Pas besoin de réfléchir des heures pour se convaincre que la philosophie du libre n'est pas quelque chose qui remet frontalement en cause la société capitaliste. Il est assez fréquent, même, que l'on reproche aux libristes (car c'est bien connu, « les libristes » c'est comme « les femmes™ », c'est un bloc monolithique sans différences ni individualités) d'être plus libéraux (voire libertariens) que libertaires.
Les licences libres ne pourraient pas exister hors du cadre du système capitaliste - tout simplement parce que, hors de ce cadre, les licences tout court n'existeraient probablement pas : elles n'auraient pas lieu d'être. C'est l'une des raisons pour lesquelles je ne suis pas fan des « licences anticapitalistes ». Pour une autre raison, voir un peu plus loin.

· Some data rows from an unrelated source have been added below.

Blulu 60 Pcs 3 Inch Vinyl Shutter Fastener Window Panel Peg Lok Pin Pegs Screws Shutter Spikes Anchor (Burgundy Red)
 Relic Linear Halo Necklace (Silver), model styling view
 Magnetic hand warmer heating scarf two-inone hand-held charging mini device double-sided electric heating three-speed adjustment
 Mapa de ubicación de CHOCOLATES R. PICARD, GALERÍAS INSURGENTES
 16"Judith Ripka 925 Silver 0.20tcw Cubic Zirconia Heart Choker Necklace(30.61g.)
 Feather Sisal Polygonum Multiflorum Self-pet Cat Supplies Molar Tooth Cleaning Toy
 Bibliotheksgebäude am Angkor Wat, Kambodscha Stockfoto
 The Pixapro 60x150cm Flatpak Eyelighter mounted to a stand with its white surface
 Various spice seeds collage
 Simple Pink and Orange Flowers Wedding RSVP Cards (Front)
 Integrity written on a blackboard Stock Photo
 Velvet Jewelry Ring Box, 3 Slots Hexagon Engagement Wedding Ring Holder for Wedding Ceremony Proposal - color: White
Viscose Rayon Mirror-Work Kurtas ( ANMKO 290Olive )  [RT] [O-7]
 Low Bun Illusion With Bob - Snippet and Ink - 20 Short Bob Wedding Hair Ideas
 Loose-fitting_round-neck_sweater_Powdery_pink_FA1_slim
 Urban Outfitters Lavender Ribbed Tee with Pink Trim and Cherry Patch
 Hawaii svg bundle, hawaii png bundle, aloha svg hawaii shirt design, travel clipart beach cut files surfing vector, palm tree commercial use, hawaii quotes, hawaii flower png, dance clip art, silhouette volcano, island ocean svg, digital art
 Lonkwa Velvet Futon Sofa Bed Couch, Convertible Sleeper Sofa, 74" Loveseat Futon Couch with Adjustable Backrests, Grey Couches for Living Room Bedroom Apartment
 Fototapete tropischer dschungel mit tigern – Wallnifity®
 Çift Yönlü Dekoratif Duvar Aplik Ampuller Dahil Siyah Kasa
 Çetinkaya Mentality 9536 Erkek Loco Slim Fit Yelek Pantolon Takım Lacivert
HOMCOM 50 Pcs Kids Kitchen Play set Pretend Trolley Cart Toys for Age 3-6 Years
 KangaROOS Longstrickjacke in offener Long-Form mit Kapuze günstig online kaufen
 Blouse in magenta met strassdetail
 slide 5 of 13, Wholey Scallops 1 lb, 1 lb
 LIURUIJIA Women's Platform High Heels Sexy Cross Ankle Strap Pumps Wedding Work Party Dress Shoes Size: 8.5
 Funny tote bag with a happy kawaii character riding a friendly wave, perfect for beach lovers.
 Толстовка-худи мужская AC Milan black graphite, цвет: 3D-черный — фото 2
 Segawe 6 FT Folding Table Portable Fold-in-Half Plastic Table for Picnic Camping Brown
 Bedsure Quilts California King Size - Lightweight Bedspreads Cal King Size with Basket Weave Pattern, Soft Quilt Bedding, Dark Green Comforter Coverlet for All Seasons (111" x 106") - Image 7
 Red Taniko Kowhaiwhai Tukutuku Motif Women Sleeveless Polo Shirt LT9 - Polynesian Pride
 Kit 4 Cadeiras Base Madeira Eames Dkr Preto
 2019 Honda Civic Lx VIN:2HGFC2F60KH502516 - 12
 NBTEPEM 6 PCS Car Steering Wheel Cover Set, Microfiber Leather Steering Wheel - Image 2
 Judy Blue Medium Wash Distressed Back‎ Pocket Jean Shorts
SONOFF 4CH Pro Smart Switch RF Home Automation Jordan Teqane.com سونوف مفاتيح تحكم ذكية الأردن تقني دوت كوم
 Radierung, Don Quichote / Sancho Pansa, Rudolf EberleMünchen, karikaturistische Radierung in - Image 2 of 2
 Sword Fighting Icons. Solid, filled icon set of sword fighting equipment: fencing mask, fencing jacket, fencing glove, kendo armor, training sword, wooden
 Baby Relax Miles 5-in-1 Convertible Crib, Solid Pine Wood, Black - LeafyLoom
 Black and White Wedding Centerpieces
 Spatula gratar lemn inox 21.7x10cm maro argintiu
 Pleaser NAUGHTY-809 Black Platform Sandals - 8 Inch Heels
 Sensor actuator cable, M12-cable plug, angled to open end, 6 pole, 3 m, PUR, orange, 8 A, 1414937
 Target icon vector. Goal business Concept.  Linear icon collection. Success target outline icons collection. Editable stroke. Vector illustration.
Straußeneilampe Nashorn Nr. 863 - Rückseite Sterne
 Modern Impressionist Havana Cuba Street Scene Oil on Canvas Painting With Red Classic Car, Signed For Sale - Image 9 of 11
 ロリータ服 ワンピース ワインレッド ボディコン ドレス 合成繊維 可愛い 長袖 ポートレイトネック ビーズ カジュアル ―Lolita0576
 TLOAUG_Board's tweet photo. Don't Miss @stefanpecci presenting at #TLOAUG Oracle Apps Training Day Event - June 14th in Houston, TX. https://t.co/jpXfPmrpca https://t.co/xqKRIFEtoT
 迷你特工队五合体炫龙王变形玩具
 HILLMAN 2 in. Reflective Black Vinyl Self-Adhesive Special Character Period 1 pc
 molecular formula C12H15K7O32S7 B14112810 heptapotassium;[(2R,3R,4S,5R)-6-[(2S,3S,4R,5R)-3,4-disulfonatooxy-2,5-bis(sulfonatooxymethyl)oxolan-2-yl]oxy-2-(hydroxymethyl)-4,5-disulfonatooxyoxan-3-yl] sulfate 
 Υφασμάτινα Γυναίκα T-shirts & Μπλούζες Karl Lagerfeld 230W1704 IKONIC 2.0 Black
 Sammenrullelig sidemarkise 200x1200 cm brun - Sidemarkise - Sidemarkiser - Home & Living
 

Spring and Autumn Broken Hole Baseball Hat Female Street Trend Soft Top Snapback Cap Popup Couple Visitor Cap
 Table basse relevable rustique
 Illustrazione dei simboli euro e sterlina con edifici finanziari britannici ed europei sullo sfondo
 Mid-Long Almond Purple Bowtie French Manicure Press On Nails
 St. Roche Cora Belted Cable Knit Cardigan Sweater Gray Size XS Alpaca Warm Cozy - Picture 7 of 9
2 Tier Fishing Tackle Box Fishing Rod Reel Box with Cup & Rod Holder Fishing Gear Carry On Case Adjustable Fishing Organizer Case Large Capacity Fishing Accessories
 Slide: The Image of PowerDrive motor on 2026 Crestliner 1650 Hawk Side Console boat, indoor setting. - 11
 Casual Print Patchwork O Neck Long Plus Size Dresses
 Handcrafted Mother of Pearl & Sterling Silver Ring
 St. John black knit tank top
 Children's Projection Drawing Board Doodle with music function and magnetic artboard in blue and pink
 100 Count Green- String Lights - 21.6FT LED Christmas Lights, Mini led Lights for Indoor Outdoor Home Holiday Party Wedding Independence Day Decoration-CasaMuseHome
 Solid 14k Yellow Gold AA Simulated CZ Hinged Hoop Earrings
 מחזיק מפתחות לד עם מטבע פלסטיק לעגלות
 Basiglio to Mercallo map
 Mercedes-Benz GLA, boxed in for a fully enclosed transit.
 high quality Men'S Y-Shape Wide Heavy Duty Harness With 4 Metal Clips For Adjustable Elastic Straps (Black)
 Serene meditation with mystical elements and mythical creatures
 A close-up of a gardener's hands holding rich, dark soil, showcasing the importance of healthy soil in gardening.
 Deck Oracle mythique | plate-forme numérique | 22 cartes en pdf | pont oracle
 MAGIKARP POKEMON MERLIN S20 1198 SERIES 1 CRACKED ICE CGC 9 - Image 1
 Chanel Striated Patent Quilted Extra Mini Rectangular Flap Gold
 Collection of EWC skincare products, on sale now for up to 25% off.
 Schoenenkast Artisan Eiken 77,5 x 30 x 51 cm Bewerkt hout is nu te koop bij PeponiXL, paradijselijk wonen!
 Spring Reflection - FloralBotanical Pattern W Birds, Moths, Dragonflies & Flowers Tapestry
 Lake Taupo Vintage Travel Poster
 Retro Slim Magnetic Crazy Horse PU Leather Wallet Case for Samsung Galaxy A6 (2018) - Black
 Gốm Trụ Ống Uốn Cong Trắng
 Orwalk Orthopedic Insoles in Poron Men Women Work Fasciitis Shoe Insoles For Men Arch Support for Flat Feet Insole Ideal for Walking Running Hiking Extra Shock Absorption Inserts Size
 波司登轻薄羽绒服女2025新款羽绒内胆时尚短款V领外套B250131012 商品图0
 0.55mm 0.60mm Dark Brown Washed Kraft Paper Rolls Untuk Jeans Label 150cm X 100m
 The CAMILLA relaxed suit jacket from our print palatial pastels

Les licences libres, c'est plutôt quelque chose qui cherche à subvertir, en le détournant, l'un des outils du capitalisme pour en faire quelque chose de bénéfique pour la société (les gens, les utilisateurices).
Les licences copyleft ont été créées pour subvertir le copyright - ce principe absolument absurde si l'on y réfléchit un peu, qui consiste à définir un droit de copier (c'est-à-dire, plus exactement : une interdiction de copier lorsque ce droit n'est pas satisfait). Alors que la copie, avec ou sans modifications, c'est la base de l'apprentissage et de l'évolution (ce n'est pas les LLM qui me contrediront) : la copie, c'est la vie !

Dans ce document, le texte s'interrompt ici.